Carolina prepared him well for his current position.  When asked what skills he’d kept with him from his graduate-student days, he said “The econometrics training is the most obviously useful preparation–both because I use it all the time, but also because it helps evaluate the quality and usefulness of other research results.  The macroeconomics courses were useful and provided a base for learning further at the Federal Reserve.  The background in labor economics has been very useful.  It may be the field of economics that touches and overlaps the most with others, with its own econometric rigor, micro modeling, and macroeconomic importance.”  In his current job, he’s “the data guy”.  That’s something he honed in Chapel Hill.

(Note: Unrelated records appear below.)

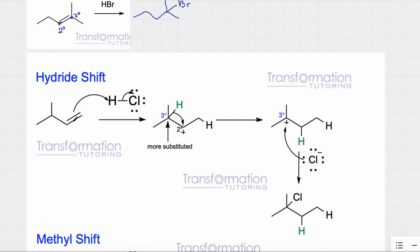Let's look at this. I have this molecule reacting with HCl. The double bond takes the hydrogen; the bond between hydrogen and chlorine breaks, giving electrons to the chlorine. The hydrogen attaches to the least substituted carbon, and the more substituted carbon becomes the carbocation. But if I look to the left, I see a neighboring carbon attached to three carbons — it's tertiary. So this initial secondary carbocation is next to a tertiary carbon.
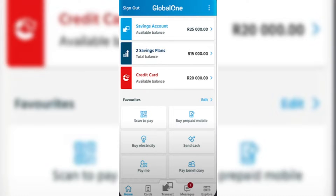So the first step is we're going to open our Capitec app and then we're going to locate the Transact button on the lower part of your screen.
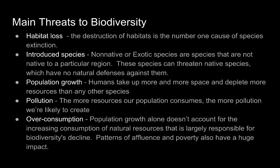Patterns of affluence and poverty also have a huge impact. For example, those of us living in affluent industrialized nations such as the US consume a disproportionate amount of the earth's fossil fuels, forests, and other natural resources. People struggling to survive in less industrialized nations often have little choice but to overuse the few resources available to them.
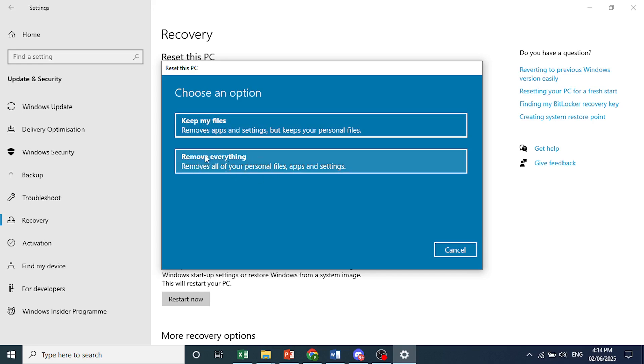Now this one basically does a full factory reset. You'll lose all your files - your personal files, photos, app settings, everything. Basically brand new computer. And if you want to keep your personal files, just choose the first one. But otherwise, choose remove everything and it's really that easy and simple.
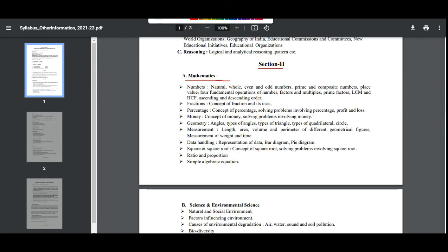General Mathematics topics include: numbers, percentage, money, geometry, measurement, data handling, and ratio.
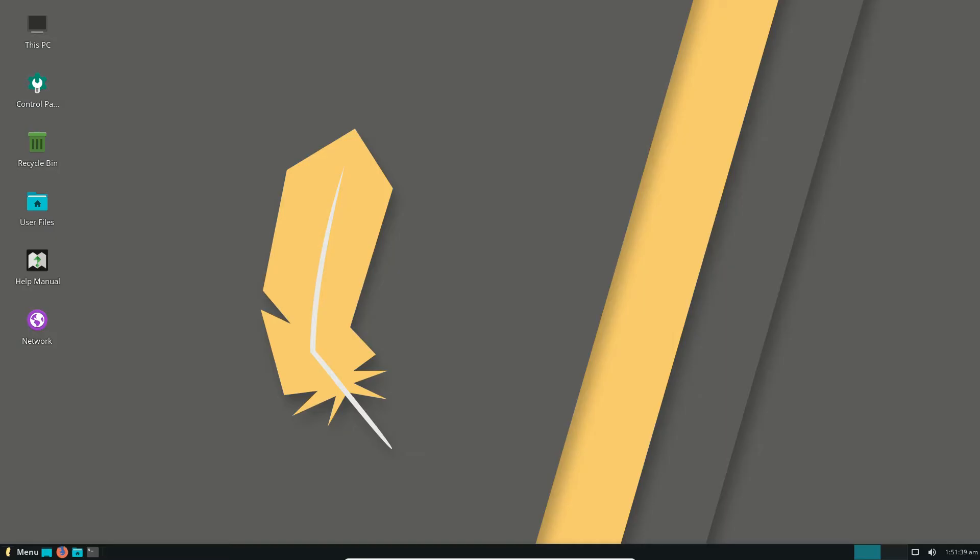G'day YouTube, this is just a quick overview of the latest release of Linux Lite 4.0. Just a brief overview before I get into this one. It is an Ubuntu-based distribution. The desktop environment is actually based off XFCE, but it's its own variant, which is pretty cool.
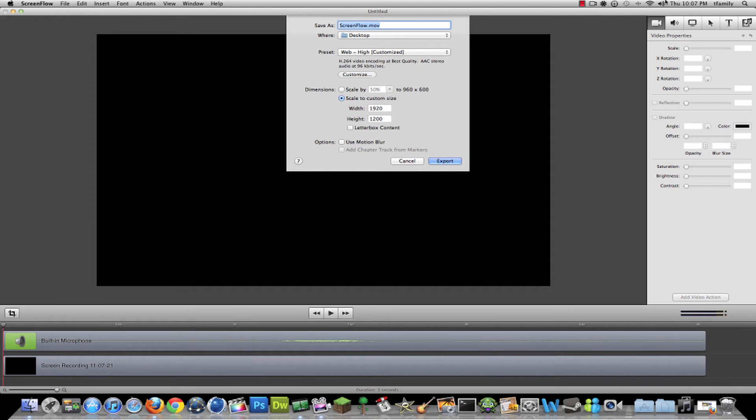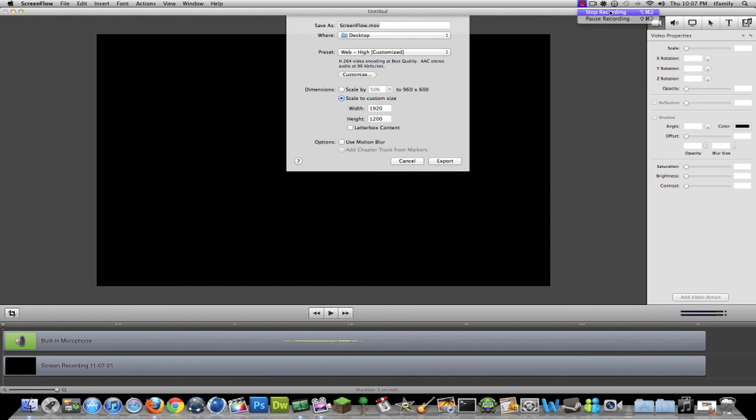So yeah, that was how to render in 180p on ScreenFlow. Peace guys.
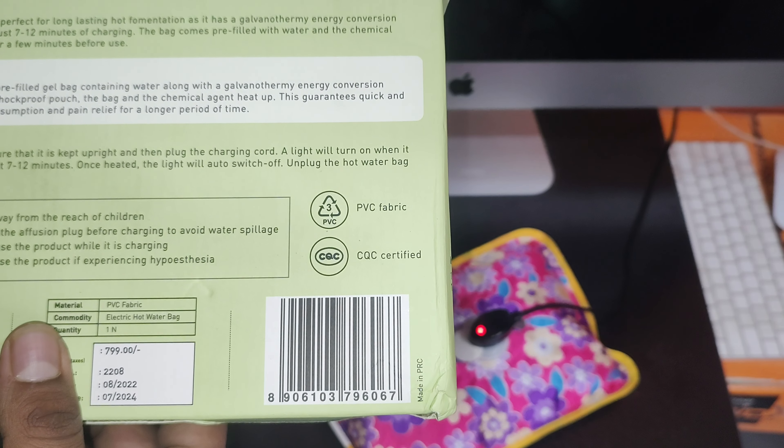There is no paper inside the box, no instructions, nothing. Everything is present on the box itself, how it works. It's a leak-proof refill gel containing water.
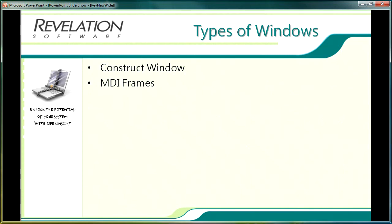More information regarding MDI frames can be found in the OpenInsight application development manual and if you're planning on using MDI frames I would suggest spending some time fully understanding those and the concepts with the menus moving around, etc.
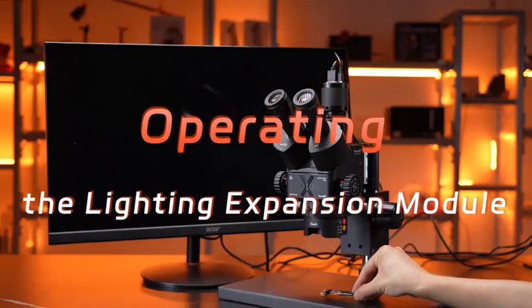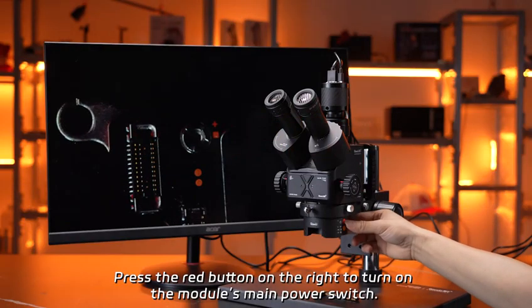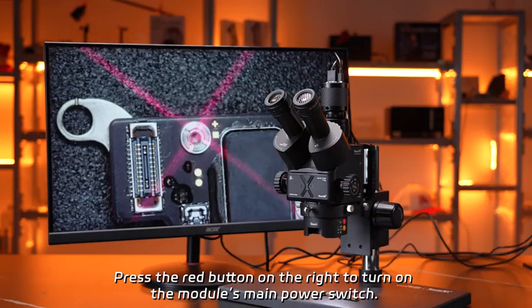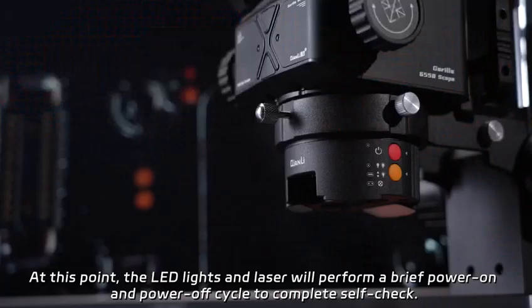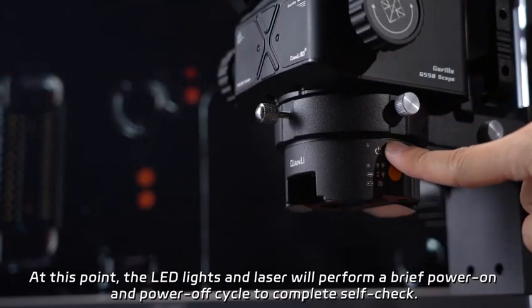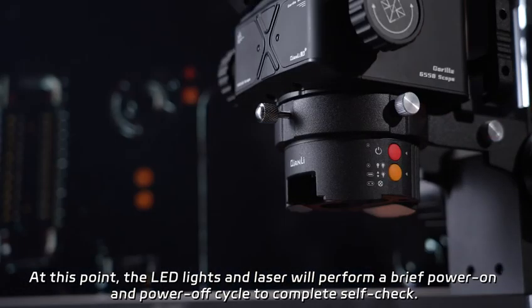Operating the lighting expansion module, press the red button on the right to turn on the module's main power switch. At this point, the LED lights and laser will perform a brief power on and power off cycle to complete self-check.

The biggest challenge these days is the commute.  He lives in Maryland and travels to and from New York most days.  That can be a blessing, though:  “Trading floors are busy.  A couple of hours on a train just to read can be unusually productive.”

The greatest pearl of wisdom from the faculty at Carolina?  Jonathan remembers Wilbert VanderKlaauw musing that “graduate work and the intellectual experience could be the greatest time in your life if it wasn’t for the small details of qualifying examinations, writing and defending the dissertation, and finding a job.”  Jonathan has shown that the intellectual experience stays with you through the years, even after the small details are far behind.